Michel Janosz : " Apprendre à faire travailler ensemble les différents secteurs"
Professeur spécialiste de psychoéducation de l'Université de Montréal, spécialiste en prévention sur le décrochage scolaire, Michel Janosz était le grand témoin des Assises contre le décrochage. Mais la France a-t-elle à apprendre du Québec ?
Que peut apporter le Québec à la France en matière de prévention du décrochage scolaire ?
Je pense qu'on a une certaine expertise dans la mobilisation, mais on sait aussi que ce n'est pas suffisant. Nous sommes beaucoup dans l'expérimentation concrète. Ce serait intéressant de voir, de part et d'autre, comment chacun de nos pays trouve des solutions, apporte des réponses différentes à des problèmes qui sont similaires. En même temps, parfois les problèmes paraissent similaires, mais pas dans les mêmes contextes : il faut faire attention à l'exportation des solutions des uns et des autres par rapport à ça. La question de l'ouverture à l'évaluation, au suivi de ces actions, à leur monitorage, c'est en plein bouillonnement pour nous. Je pense que ça pourrait être intéressant pour vous de le voir, parce que c'est nécessaire à l'innovation.
Notre système comporte des spécialistes de l'orientation et d'autres acteurs qu'on veut faire intervenir, mais sans savoir très bien comment.
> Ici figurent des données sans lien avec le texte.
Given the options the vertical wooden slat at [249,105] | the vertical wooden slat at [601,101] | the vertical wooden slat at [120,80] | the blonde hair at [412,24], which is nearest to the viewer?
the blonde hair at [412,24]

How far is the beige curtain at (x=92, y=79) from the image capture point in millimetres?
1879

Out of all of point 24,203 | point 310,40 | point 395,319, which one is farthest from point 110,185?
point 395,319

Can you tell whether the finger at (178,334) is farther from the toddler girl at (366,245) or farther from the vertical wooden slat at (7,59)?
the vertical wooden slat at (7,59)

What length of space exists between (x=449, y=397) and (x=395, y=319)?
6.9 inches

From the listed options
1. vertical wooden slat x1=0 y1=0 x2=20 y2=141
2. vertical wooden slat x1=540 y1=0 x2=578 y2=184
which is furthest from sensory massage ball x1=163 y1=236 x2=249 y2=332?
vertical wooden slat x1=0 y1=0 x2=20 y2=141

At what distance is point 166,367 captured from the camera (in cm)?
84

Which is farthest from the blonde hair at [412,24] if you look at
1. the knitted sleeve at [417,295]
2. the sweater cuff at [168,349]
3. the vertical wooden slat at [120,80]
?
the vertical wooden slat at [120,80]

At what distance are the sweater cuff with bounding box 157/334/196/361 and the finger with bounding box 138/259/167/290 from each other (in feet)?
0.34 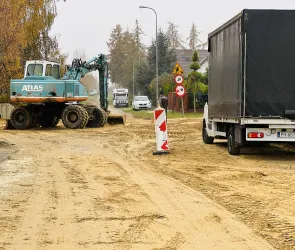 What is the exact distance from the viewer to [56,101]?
2698 cm

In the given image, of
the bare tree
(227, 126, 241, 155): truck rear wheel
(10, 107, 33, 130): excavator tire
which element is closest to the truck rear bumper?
(227, 126, 241, 155): truck rear wheel

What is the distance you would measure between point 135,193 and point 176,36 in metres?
103

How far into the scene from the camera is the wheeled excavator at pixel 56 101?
26688mm

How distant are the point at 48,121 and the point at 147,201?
2226 centimetres

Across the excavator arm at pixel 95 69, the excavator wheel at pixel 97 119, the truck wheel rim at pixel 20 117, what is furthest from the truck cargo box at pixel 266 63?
the excavator arm at pixel 95 69

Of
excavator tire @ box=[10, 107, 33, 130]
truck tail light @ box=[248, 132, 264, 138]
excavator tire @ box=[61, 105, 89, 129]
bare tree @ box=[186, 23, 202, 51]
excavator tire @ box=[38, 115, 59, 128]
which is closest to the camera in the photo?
truck tail light @ box=[248, 132, 264, 138]

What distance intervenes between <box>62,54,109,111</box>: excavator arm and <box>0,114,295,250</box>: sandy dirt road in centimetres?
1497

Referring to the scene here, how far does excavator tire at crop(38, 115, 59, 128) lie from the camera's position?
1156 inches

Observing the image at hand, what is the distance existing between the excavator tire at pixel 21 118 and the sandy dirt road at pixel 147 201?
13101 mm

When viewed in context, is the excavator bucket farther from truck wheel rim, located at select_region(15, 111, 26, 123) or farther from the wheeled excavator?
truck wheel rim, located at select_region(15, 111, 26, 123)

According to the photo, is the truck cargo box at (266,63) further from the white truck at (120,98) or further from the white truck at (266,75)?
the white truck at (120,98)

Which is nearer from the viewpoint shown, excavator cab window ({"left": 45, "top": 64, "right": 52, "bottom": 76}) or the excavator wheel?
excavator cab window ({"left": 45, "top": 64, "right": 52, "bottom": 76})

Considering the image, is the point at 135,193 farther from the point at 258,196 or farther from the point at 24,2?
the point at 24,2

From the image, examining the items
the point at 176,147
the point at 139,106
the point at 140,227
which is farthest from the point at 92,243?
the point at 139,106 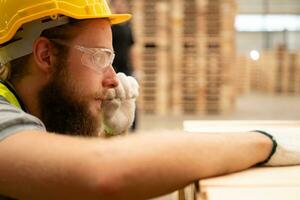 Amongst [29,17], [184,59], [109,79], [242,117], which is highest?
[29,17]

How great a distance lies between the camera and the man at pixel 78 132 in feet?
3.67

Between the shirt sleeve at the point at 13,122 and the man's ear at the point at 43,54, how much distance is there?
33 centimetres

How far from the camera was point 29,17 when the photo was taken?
1541mm

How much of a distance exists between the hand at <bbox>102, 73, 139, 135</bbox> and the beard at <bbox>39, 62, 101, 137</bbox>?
0.23 m

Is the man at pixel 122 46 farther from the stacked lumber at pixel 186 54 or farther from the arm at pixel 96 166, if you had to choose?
the arm at pixel 96 166

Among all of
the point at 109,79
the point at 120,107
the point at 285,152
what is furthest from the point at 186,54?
the point at 285,152

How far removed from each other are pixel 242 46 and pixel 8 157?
24.9 meters

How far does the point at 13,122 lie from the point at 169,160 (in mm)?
437

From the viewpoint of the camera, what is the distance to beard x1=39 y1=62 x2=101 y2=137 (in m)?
1.60

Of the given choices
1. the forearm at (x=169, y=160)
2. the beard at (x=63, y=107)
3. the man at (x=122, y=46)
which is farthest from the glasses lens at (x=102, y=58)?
the man at (x=122, y=46)

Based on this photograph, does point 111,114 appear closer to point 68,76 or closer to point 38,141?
point 68,76

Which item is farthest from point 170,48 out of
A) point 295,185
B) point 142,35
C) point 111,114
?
point 295,185

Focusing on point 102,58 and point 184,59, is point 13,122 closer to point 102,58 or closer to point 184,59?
point 102,58

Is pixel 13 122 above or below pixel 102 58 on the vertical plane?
below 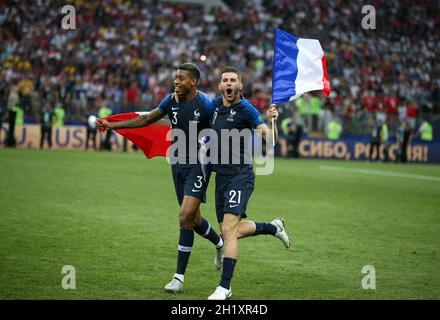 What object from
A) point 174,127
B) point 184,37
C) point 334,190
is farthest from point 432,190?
point 184,37

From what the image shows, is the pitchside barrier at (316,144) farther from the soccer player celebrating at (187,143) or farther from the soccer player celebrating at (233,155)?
the soccer player celebrating at (233,155)

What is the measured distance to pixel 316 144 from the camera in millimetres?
34344

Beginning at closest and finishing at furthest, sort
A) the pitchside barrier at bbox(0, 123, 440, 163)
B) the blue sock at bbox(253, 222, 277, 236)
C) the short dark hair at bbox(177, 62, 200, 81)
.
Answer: the short dark hair at bbox(177, 62, 200, 81) < the blue sock at bbox(253, 222, 277, 236) < the pitchside barrier at bbox(0, 123, 440, 163)

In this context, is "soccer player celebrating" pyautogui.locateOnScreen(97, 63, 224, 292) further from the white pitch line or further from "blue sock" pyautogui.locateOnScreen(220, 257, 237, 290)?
the white pitch line

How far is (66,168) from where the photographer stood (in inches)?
898

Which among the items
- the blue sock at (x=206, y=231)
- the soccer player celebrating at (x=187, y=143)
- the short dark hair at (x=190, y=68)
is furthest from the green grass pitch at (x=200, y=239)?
the short dark hair at (x=190, y=68)

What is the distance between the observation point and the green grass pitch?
26.7 ft

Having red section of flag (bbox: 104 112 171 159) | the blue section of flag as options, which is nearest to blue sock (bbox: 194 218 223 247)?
red section of flag (bbox: 104 112 171 159)

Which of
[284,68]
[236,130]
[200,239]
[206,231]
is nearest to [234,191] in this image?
[236,130]

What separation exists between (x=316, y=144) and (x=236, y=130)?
26.5 m

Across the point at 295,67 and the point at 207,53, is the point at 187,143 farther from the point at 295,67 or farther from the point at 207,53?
the point at 207,53

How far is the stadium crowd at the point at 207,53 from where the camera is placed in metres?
33.8

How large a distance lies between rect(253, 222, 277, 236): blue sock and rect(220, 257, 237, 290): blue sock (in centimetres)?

Qu'en pensez-vous ?
Il va falloir – comment dire ?.. Pour avaler un éléphant, il faut le couper en petits morceaux. Avant d'être capable d'avoir des activités de coordination sur des gros projets, il faut commencer par de petites choses, avec un nombre limité d'individus, qui vont apprendre à faire travailler ensemble les différents secteurs, la Région, la municipalité, etc. Quels mécanismes mettre en place qui ne soient pas lourds, qui n'ajoutent pas du travail dans la structure, sinon ça ne se fait pas. Il faut commencer avec des projets qui permettent d'apprendre, avant d'implanter un système au niveau de toute l'Ile de France.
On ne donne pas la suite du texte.